[[ EXERCISE INPUT open ]]
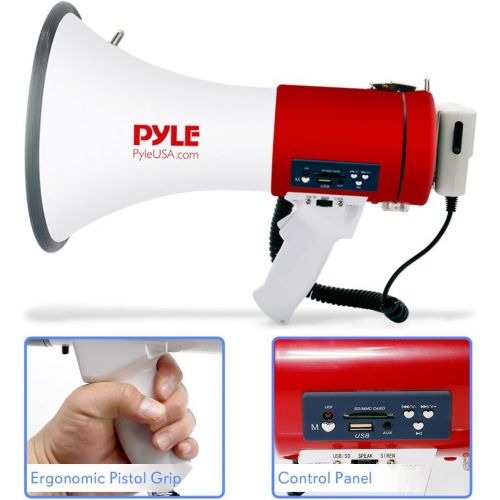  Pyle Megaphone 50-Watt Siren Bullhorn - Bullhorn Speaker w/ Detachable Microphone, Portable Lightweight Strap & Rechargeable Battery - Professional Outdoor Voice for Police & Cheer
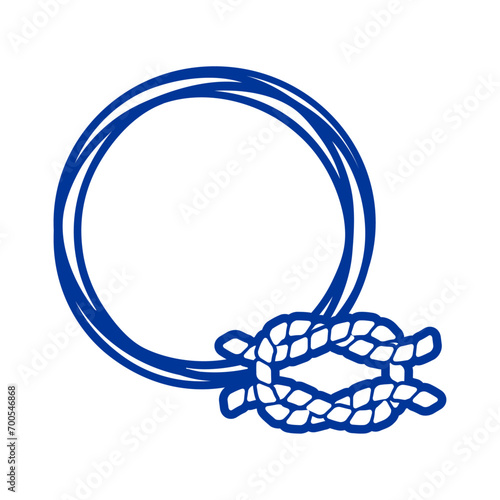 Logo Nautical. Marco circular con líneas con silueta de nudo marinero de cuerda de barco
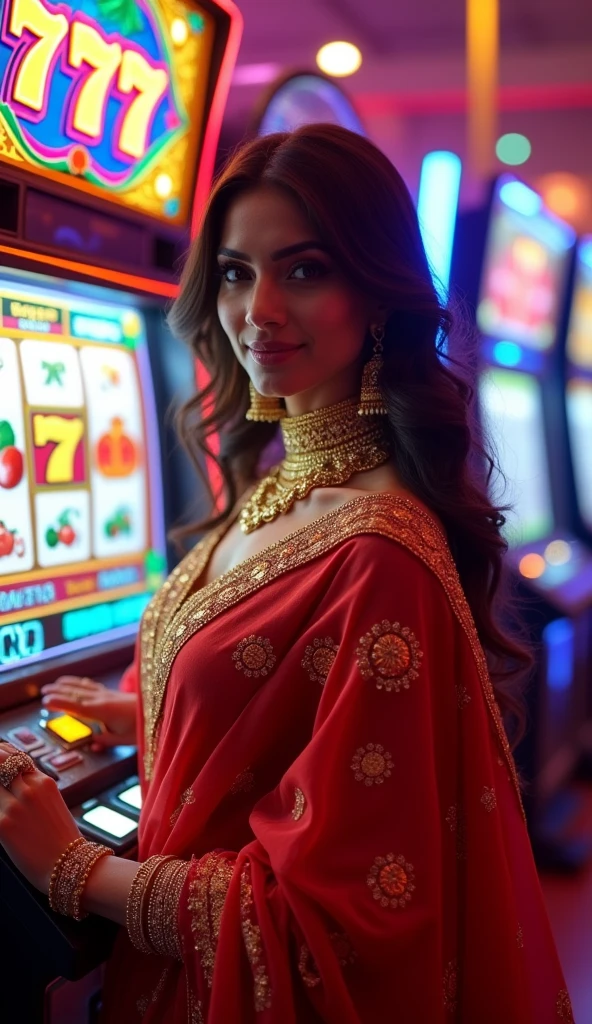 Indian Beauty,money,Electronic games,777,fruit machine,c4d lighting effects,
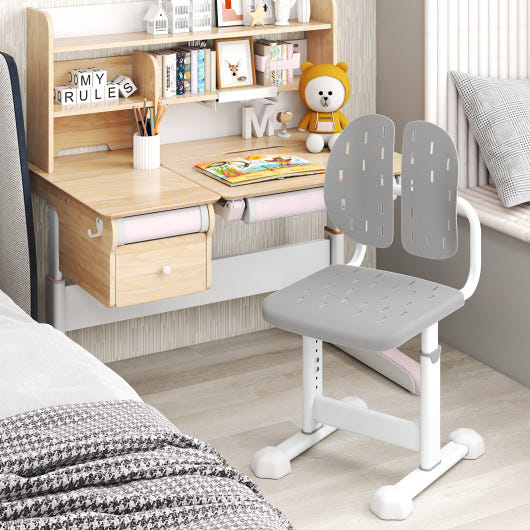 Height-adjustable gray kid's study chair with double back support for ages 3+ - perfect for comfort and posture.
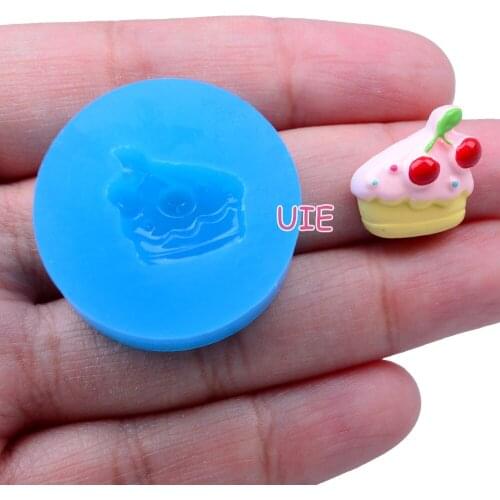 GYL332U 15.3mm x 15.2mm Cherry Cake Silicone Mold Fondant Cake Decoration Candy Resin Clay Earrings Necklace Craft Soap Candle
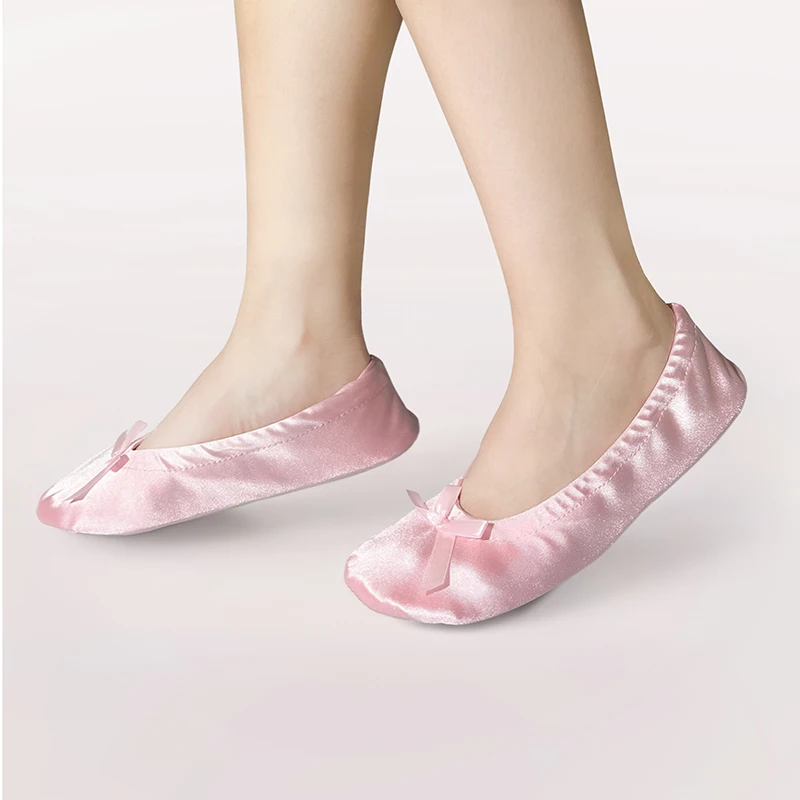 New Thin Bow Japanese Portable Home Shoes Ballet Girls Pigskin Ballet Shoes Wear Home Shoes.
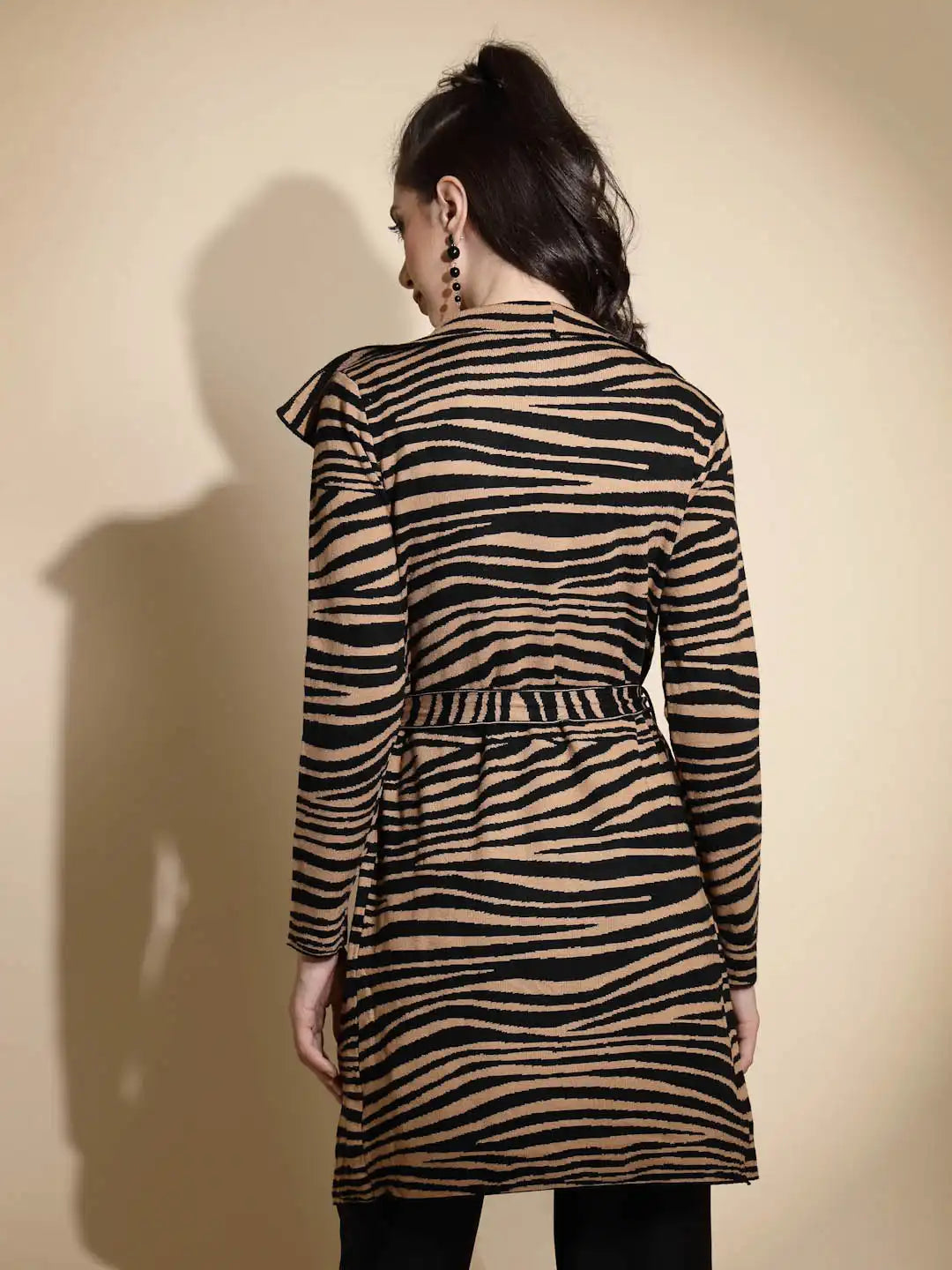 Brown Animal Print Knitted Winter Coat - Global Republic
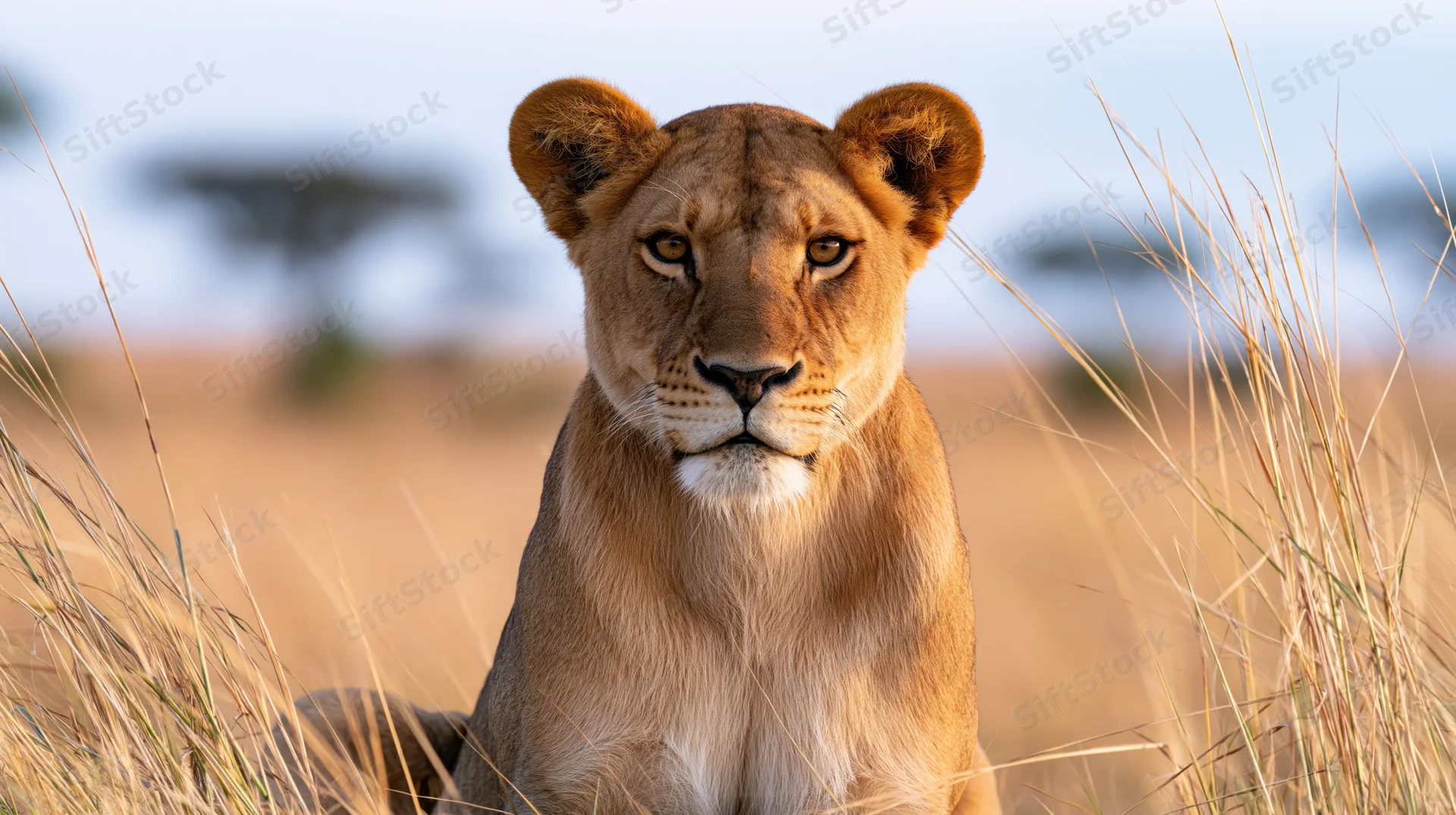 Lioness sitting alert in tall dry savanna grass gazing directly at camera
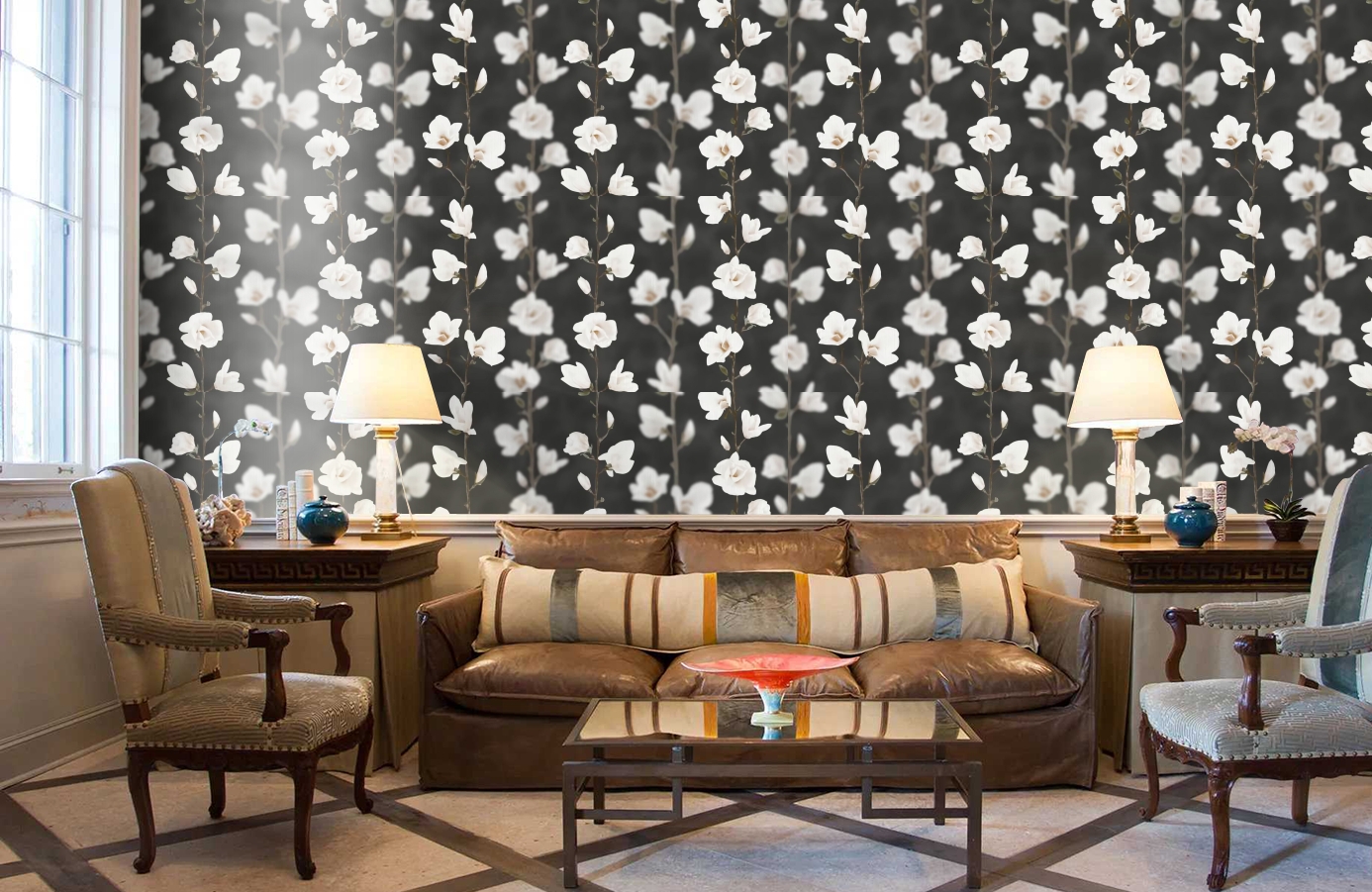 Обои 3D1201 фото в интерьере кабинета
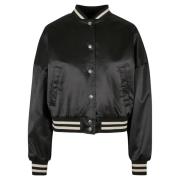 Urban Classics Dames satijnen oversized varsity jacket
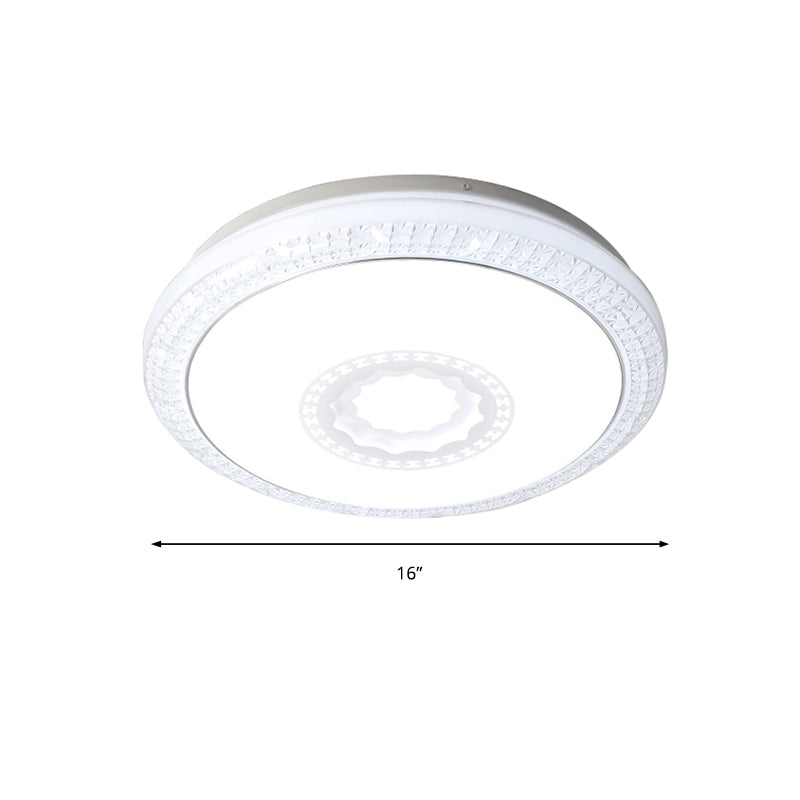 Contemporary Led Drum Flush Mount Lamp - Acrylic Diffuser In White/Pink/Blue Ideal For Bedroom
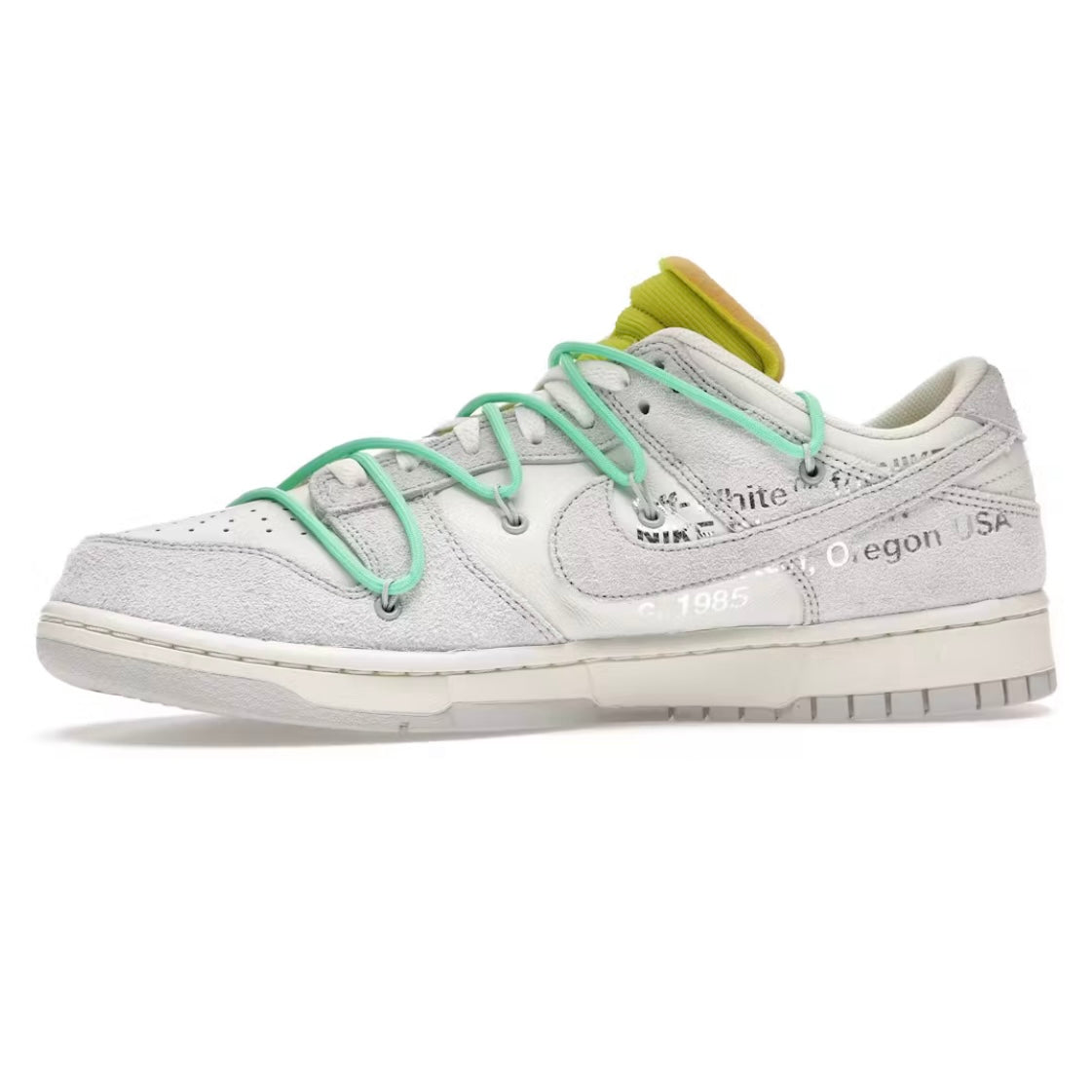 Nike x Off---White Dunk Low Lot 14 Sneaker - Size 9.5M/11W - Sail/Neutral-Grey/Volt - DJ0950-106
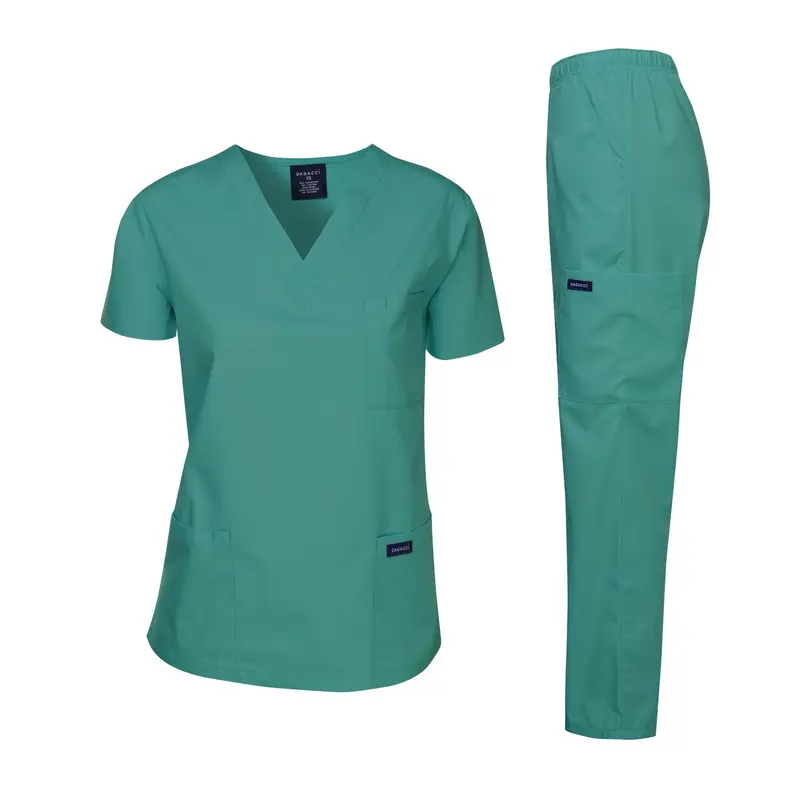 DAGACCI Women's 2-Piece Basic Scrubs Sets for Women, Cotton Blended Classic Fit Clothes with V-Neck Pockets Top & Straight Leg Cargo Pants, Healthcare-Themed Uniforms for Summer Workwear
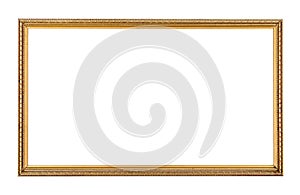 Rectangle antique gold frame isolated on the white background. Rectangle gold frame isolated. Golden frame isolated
[[ EXERCISE INPUT closed ]]
● **TASK INSTRUCTIONS**: Verbatim copy, images excluded: transcribe all the entries above.

● **SOLVED EXERCISE**:
  Pyle Megaphone 50-Watt Siren Bullhorn - Bullhorn Speaker w/ Detachable Microphone, Portable Lightweight Strap & Rechargeable Battery - Professional Outdoor Voice for Police & Cheer
 Logo Nautical. Marco circular con líneas con silueta de nudo marinero de cuerda de barco
 Indian Beauty,money,Electronic games,777,fruit machine,c4d lighting effects,
 Height-adjustable gray kid's study chair with double back support for ages 3+ - perfect for comfort and posture.
 GYL332U 15.3mm x 15.2mm Cherry Cake Silicone Mold Fondant Cake Decoration Candy Resin Clay Earrings Necklace Craft Soap Candle
 New Thin Bow Japanese Portable Home Shoes Ballet Girls Pigskin Ballet Shoes Wear Home Shoes.
 Brown Animal Print Knitted Winter Coat - Global Republic
 Lioness sitting alert in tall dry savanna grass gazing directly at camera
 Обои 3D1201 фото в интерьере кабинета
 Urban Classics Dames satijnen oversized varsity jacket
 Contemporary Led Drum Flush Mount Lamp - Acrylic Diffuser In White/Pink/Blue Ideal For Bedroom
 Nike x Off---White Dunk Low Lot 14 Sneaker - Size 9.5M/11W - Sail/Neutral-Grey/Volt - DJ0950-106
 DAGACCI Women's 2-Piece Basic Scrubs Sets for Women, Cotton Blended Classic Fit Clothes with V-Neck Pockets Top & Straight Leg Cargo Pants, Healthcare-Themed Uniforms for Summer Workwear
 Rectangle antique gold frame isolated on the white background. Rectangle gold frame isolated. Golden frame isolated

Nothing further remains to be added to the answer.